Aussi notre exigence, reste notre ADN : continuer à dénoncer. Mais la vie diplomatique aussi cruelle qu’elle soit laisse des espaces de travail - et il y en a encore au sein du Traité - qu’il faudra sans relâche exploiter pour que les États ne puissent plus se dérober à leur responsabilité écrasante : respecter et faire respecter le droit international.

L'idée phare de cette 3ème conférence des États Parties au TCA et que l'on retrouve à différent moment de la conférence est qu'une mise en œuvre stricte du TCA et des nouveaux ODD pour 2030 sont liées. Ce lien entre le fait de contrôler l'afflux illicite d'armes et contribuer à la paix et au développement ne devrait pas faire débat et pourtant...

Farah Karimi d'Oxfam Nobib est venu à la tribune de la conférence pour mettre en avant l'un des arguments les plus forts montrant le lien entre le TCA et l'accomplissement des ODD :

Sans contrôle des armes il est impossible d'assurer la sécurité, sans sécurité le développement économique est impossible...

A plusieurs reprises, des délégués ainsi que des représentants de la société civile ont interpellé les participants de la conférence pour s'emparer de ce levier d'action et de plaidoyer que représentent les ODD. Les États doivent comprendre qu'en ratifiant le Traité et en le mettant strictement en œuvre, ils contribueront à protéger les droits économiques, sociaux et culturels. En clair, il s’agit d’œuvrer à éliminer la pauvreté et la faim, garantir un accès à l'eau potable, à des installations sanitaire, ou encore à l’éducation. Il s’agit aussi de renforcer par exemple l’égalité homme-femme. Les États ont en fait tout intérêt à rejoindre le TCA. Et il est d’ailleurs satisfaisant de constater qu’ils continuent à rejoindre le Traité. Ainsi, le Brésil, la Malaisie, le Kazakhstan, Haïti, Angola ont annoncé finaliser leur processus interne pour rejoindre le Traité. Un effort doit être encore fait pour que les grands exportateurs comme les pays d’Asie, grands absents, rejoignent le Traité. A l’heure actuelle, il recouvre 30% du marché mondial de l’armement en réunissant 28 des 50 plus importants exportateurs d’armement.

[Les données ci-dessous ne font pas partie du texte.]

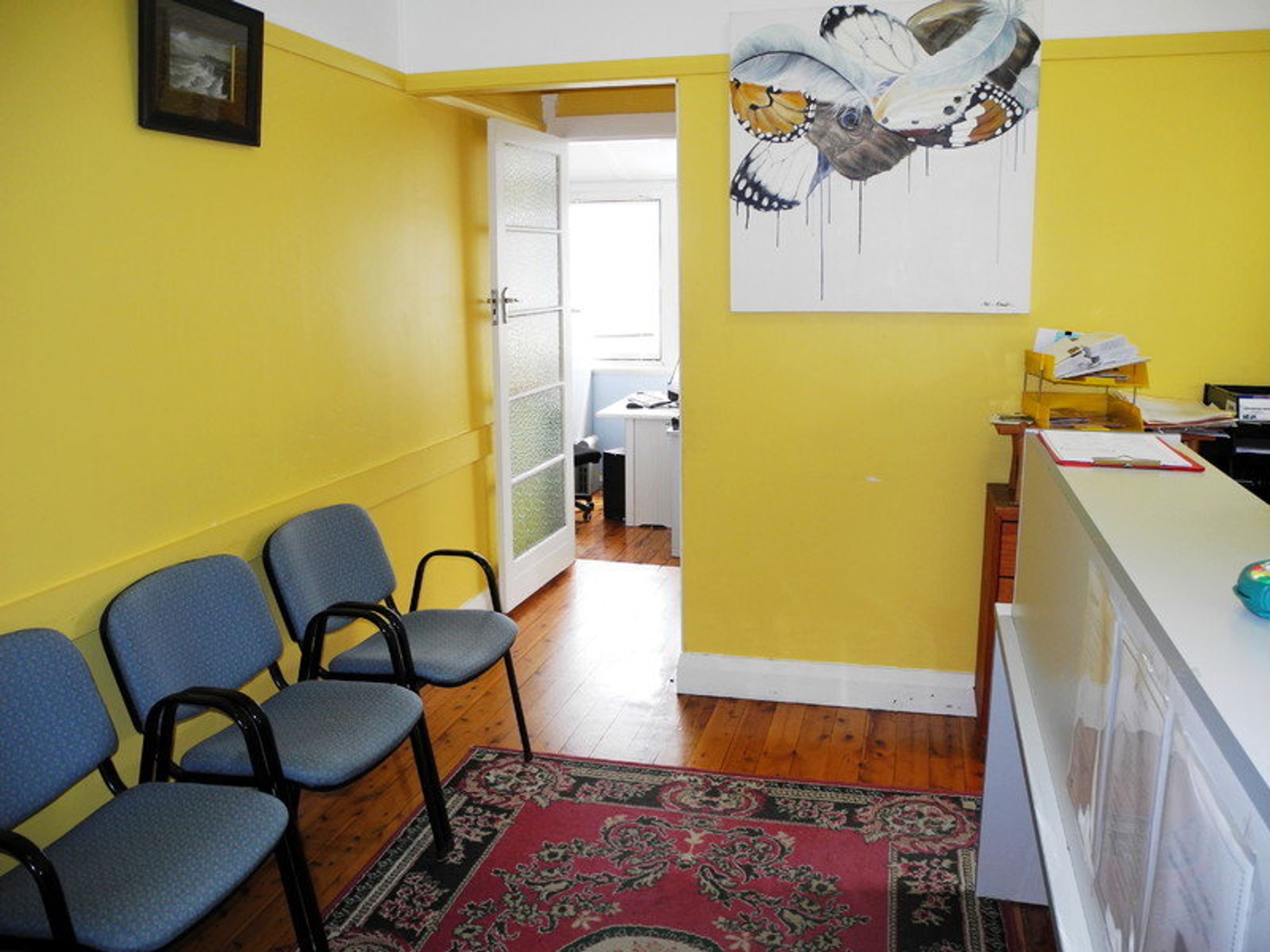 65 Parke Street, Katoomba - Thumbnail 6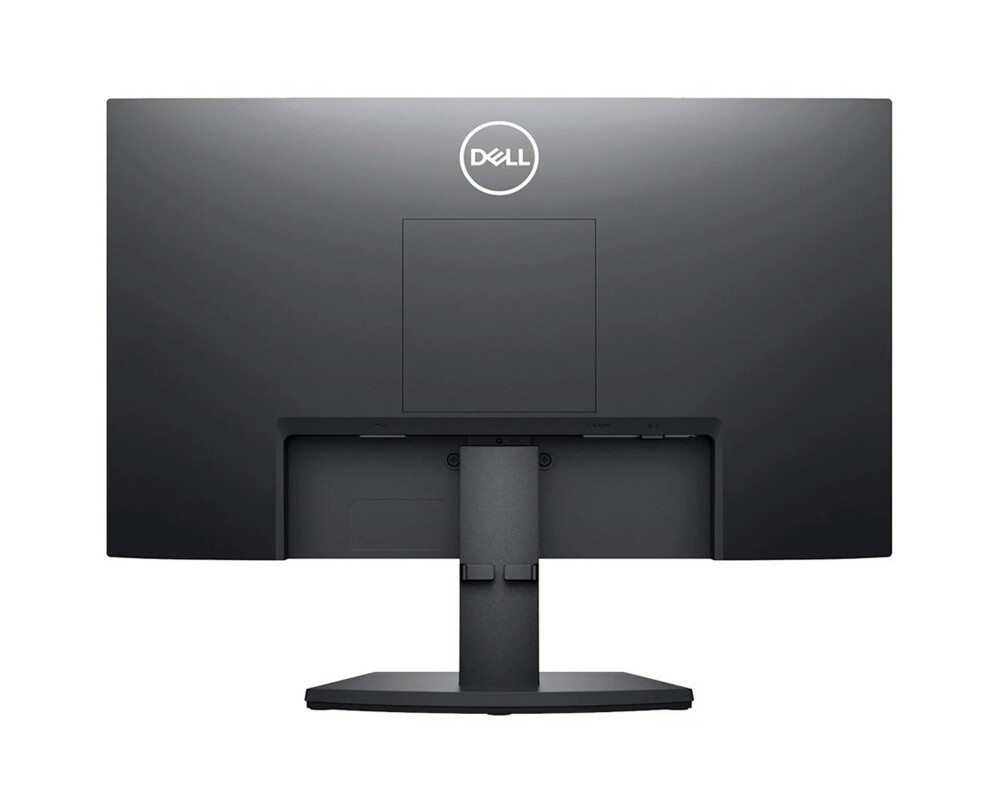 Монитор 21.5" Dell SE2222H 7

Le rôle des parlementaires

Ces derniers ont un rôle important à jouer notamment en vue de l’universalisation du TCA. Lors d'un side-event ce sont les parlementaires et le rôle décisif qu'ils peuvent avoir dans la mise en œuvre du Traité qui ont été mis en avant. En effet, les parlementaires en tant que représentants du peuple, législateur et en attirant l'attention sur des questions importantes ont un rôle privilégié à jouer. Ils peuvent faire la différence au niveau des États mais ils ne sont que très peu présents à la conférence. Le but de ce side-event était de réfléchir à partir du cas de la Côte d'Ivoire à des moyens de les impliquer davantage. Des solutions ont été proposées comme des formations aux parlementaires pour améliorer leur connaissance et compréhension du TCA, mettre en place un réseau d'experts, inclure les parlementaires dans les délégations participant à la conférence. Une idée pour impliquer les parlementaires français.